Just please keep in mind that:
- The above example is somewhat contrived. Depending on actual usage, production code would likely have a cleaner design.
- Unit tests are obviously useful, but comparative tests (sklearn vs onnxruntime) are a must.
- The code for the parser and shape calculator should probably be abstracted into a reusable library.
- I’m sorry for all these hard-coded constants.
Conclusion
A design similar to the one described above has already been deployed to our production servers. Each model—including its custom encoding and feature engineering—is represented as a standalone ONNX file and can be swapped for a different architecture at any time. The primary goal is flexibility in what we can deploy, without constantly updating the serving code or worrying about implementation drift between training and inference.
Lessons learned
- Treat preprocessing as first-class production code, not just a training-time concern.
- Wrapping preprocessing and training into a single
sklearn.Pipelinegreatly simplifies deployment and reduces the risk of training–inference drift. - ONNX is a powerful abstraction boundary, but custom encoders require careful testing and explicit conversion logic.
- Comparative tests (sklearn vs. onnxruntime) are essential when introducing custom preprocessing or feature engineering.
- Small, reusable encoders with clear responsibilities scale better than large, monolithic preprocessing pipelines.
- Investing early in flexibility pays off when supporting multiple frameworks, models, and serving environments.

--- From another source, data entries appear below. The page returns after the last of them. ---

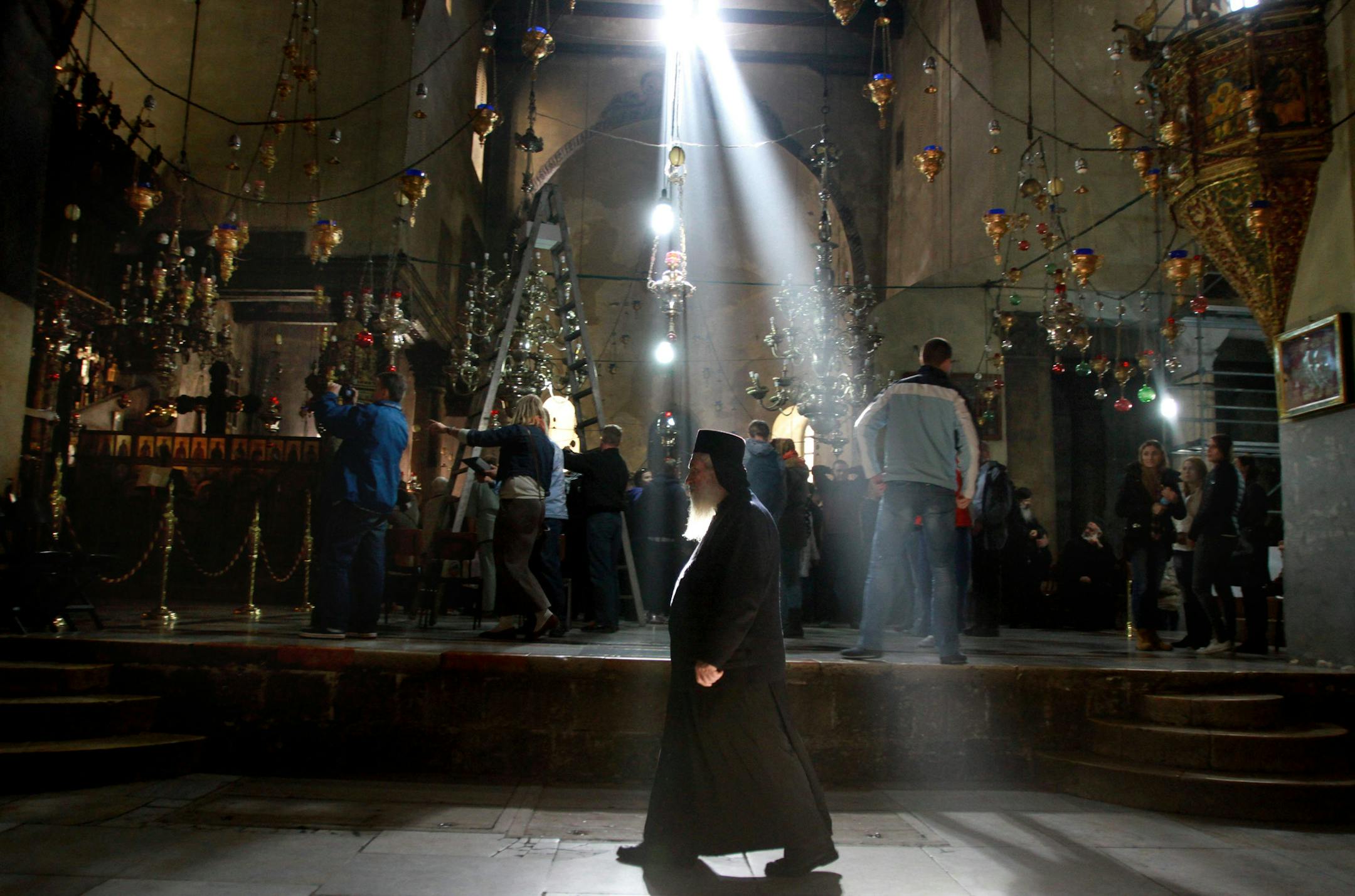 An Orthodox priest walks inside the Church of the Nativity, the site revered as the birthplace of Jesus, ahead of Christmas in the West Bank city of Bethlehem, Monday, Dec. 23, 2013. Christians around the world will celebrate Christmas this week. (AP Photo/Nasser Shiyoukhi)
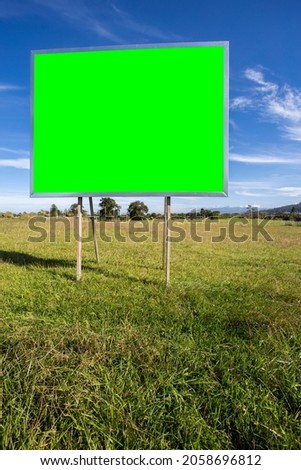 A metal poster on a green field on a sunny day. chroma key space for images or text. vertical image. advertisements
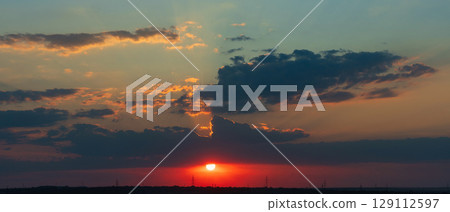 Sunset glowing behind thick clouds over distant landscape horizon 129112597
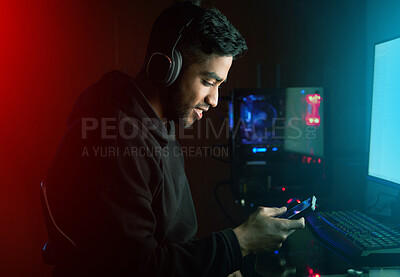 Buy stock photo Gamer, man and texting with phone with in night, smile or reading for invitation link to rpg contest. Person, smartphone and pro gaming with chat, challenge and esports app by computer in dark home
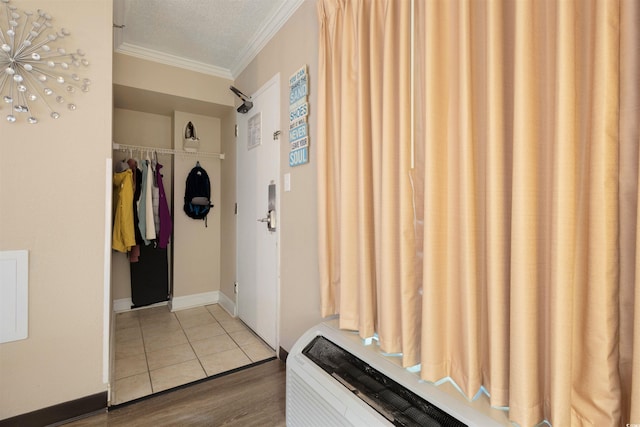 mudroom featuring wood-type flooring, a textured ceiling, and crown molding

Appendix: sklearn.preprocessing.FunctionTransformer
Oftentimes, rather than writing custom encoders, we simply use the native FunctionTransformer. For many trivial transformations (such as type casts, arithmetic operations, etc.), adding them can be as simple as this:
pipeline = Pipeline(steps=[
SimpleImputer(strategy="mean"),
FunctionTransformer(func=np.log1p)
])
Unfortunately, skl2onnx cannot handle arbitrary function arguments, but it does not take much work to add a conversion callback.
A minimal example for the above could look like this:
def _shape_calculator(operator: Operator) -> None:
check_input_and_output_numbers(operator, input_count_range=1, output_count_range=1)

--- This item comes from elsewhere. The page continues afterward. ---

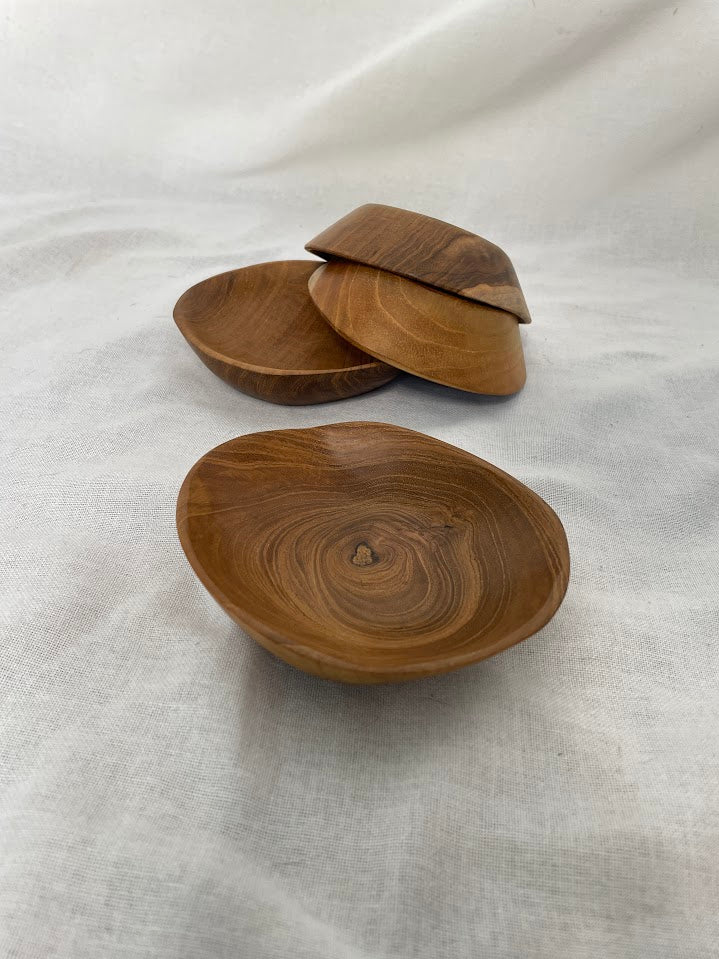 Collection of hand carved teak root wooden serving bowls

operator.outputs[0].type = operator.inputs[0].type
def _converter(scope: Scope, operator: Operator, container: ModelComponentContainer) -> None:
opv = container.target_opset
z = OnnxAdd(operator.inputs[0], np.array([1]), op_version=opv)
z = OnnxLog(z, op_version=opv, output_names=operator.outputs[0])
z.add_to(scope, container)
update_registered_converter(FunctionTransformer, "FunctionTransformer", _shape_calculator, _converter)
In practice, a single transformation is rarely enough, so the above would typically become a long switch statement covering all useful primitive functions.